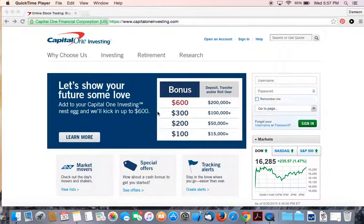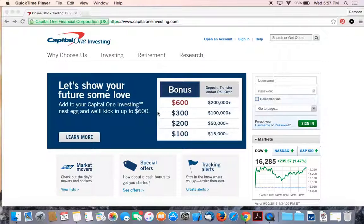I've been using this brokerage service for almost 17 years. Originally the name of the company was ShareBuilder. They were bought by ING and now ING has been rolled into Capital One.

--------

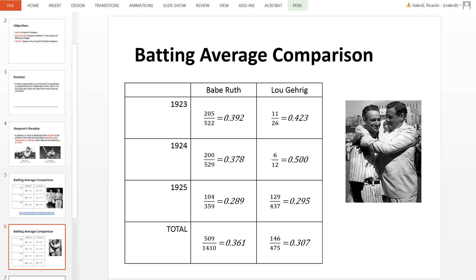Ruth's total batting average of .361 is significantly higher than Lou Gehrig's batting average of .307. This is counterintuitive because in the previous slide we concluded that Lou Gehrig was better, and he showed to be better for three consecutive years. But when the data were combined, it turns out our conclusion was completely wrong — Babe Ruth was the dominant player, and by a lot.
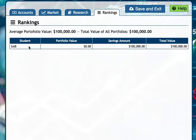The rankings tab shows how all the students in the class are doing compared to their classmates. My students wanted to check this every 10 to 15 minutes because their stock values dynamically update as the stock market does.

--------

● **Exercise**
Transcribe only this stretch of the data: the line with "Ruth's total batting", the line with "The rankings tab", and every line in between. Leave out the pictures.

● **Answer box**
Ruth's total batting average of .361 is significantly higher than Lou Gehrig's batting average of .307. This is counterintuitive because in the previous slide we concluded that Lou Gehrig was better, and he showed to be better for three consecutive years. But when the data were combined, it turns out our conclusion was completely wrong — Babe Ruth was the dominant player, and by a lot.
The rankings tab shows how all the students in the class are doing compared to their classmates. My students wanted to check this every 10 to 15 minutes because their stock values dynamically update as the stock market does.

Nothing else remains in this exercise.